ハンマーの柄より上の白っぽく見えるのは砂岩層で、ハンマーのグリップ部より下の黒っぽく見えるのが砂岩泥岩互層です。

下の写真は、砂岩泥岩互層を同じく南から近づいて撮ったものです。スケールのシャープペンシルの中央あたりに泥岩層(黒色)砂岩層(淡灰色)の境界がありますが、シャープな境界です。

同じような写真が二枚並んでいますが、それぞれの写真の白丸を、左の写真は左目で、右の写真は右目で見て、重ね合わせるようにすると立体的に見ることができます。

スケールとして置いてあるハンマー、シャープペンシルの長さはそれぞれ約28cm、約14cmです。

また、和合橋の上流方向へ25mほどの左岸には、砂岩層の下部から上部に向かって砂の粒径が小さくなっているという級化層理がわかる部分があります。

下の写真は、上の写真とは異なる場所ですが、泥岩と砂岩の境界部を撮ったものです。境界部の近くの砂岩の砂粒は大きく、上に向かって砂粒が小さくなるという級化層理がわかります。写真の縦は7cmです。

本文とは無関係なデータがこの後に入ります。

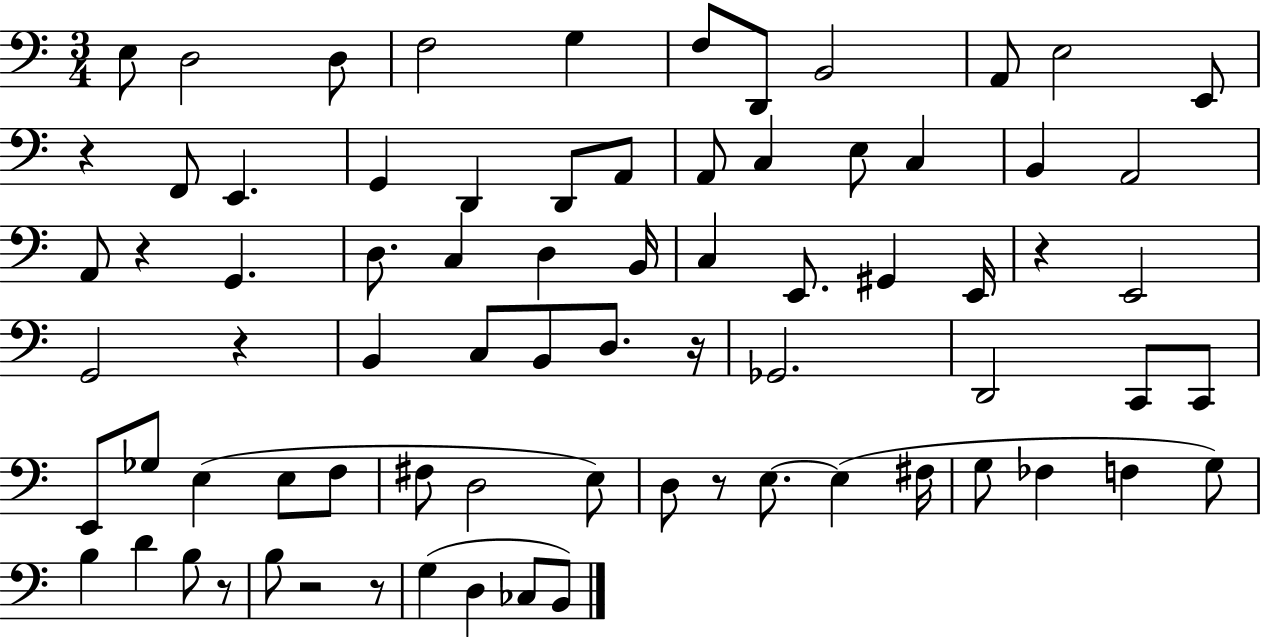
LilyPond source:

{
  \clef bass
  \numericTimeSignature
  \time 3/4
  \key c \major
  e8 d2 d8 | f2 g4 | f8 d,8 b,2 | a,8 e2 e,8 | \break r4 f,8 e,4. | g,4 d,4 d,8 a,8 | a,8 c4 e8 c4 | b,4 a,2 | \break a,8 r4 g,4. | d8. c4 d4 b,16 | c4 e,8. gis,4 e,16 | r4 e,2 | \break g,2 r4 | b,4 c8 b,8 d8. r16 | ges,2. | d,2 c,8 c,8 | \break e,8 ges8 e4( e8 f8 | fis8 d2 e8) | d8 r8 e8.~~ e4( fis16 | g8 fes4 f4 g8) | \break b4 d'4 b8 r8 | b8 r2 r8 | g4( d4 ces8 b,8) | \bar "|."
}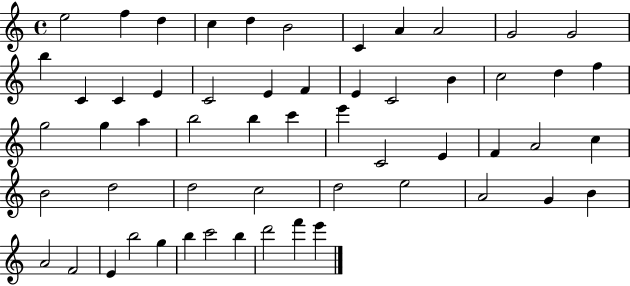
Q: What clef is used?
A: treble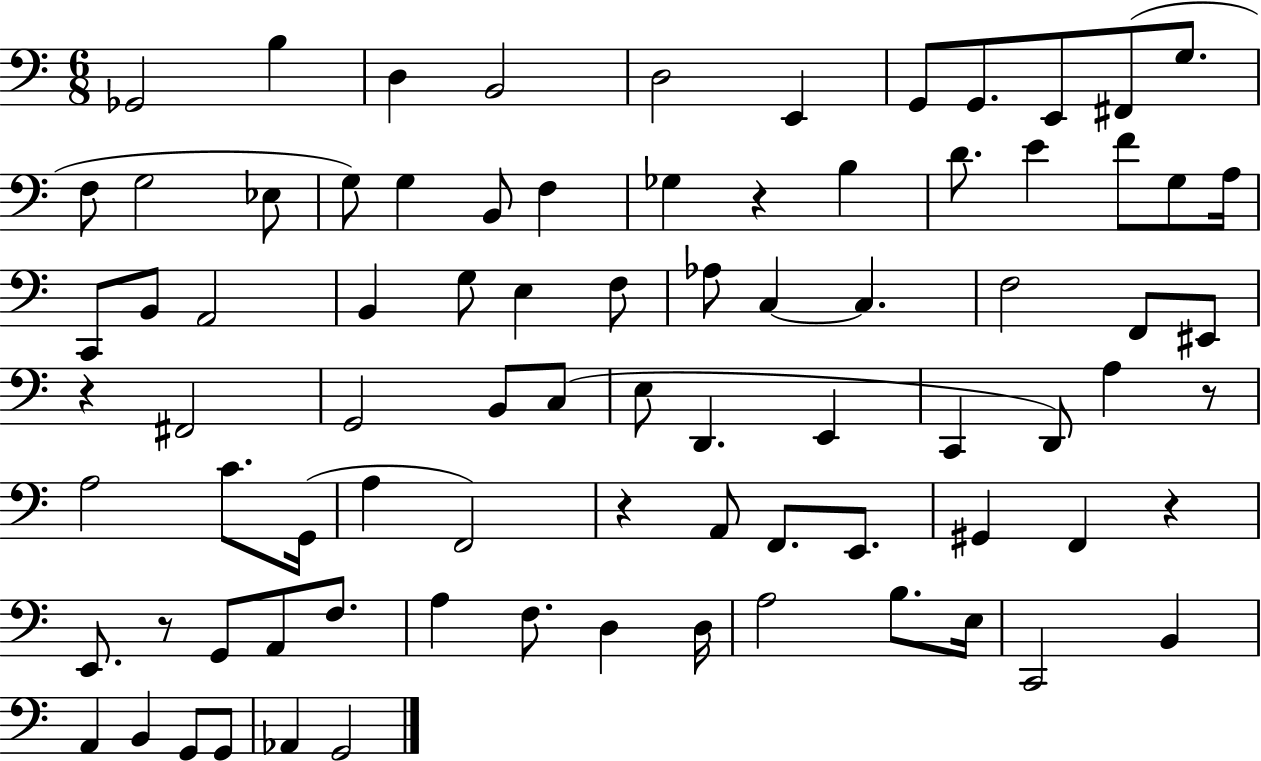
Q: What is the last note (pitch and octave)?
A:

砂岩泥岩互層は、砂と泥の混じったものがより深い海底へ流れ込む時、1回の流れ込みによって粗い砂は下に、その上に細かい泥が堆積するという現象が元になっています。その流れ込みが何回も繰り返して起こることによって、砂岩泥岩互層という縞模様の堆積物ができます。そのため、下から層を追っていくと、泥岩の上にシャープな境界で砂岩が堆積し、次第に砂粒が細かくなって連続的な変化で泥岩が堆積し、またシャープな境界で砂岩が載るという堆積になります。

地質図において、この砂岩泥岩互層の露頭(×地点)は、黄色(Mss)の中にあり、黄色はおもに砂岩からなる地層です。

(地質図はHP「ジオランドぎふ」より 岐阜県博物館提供)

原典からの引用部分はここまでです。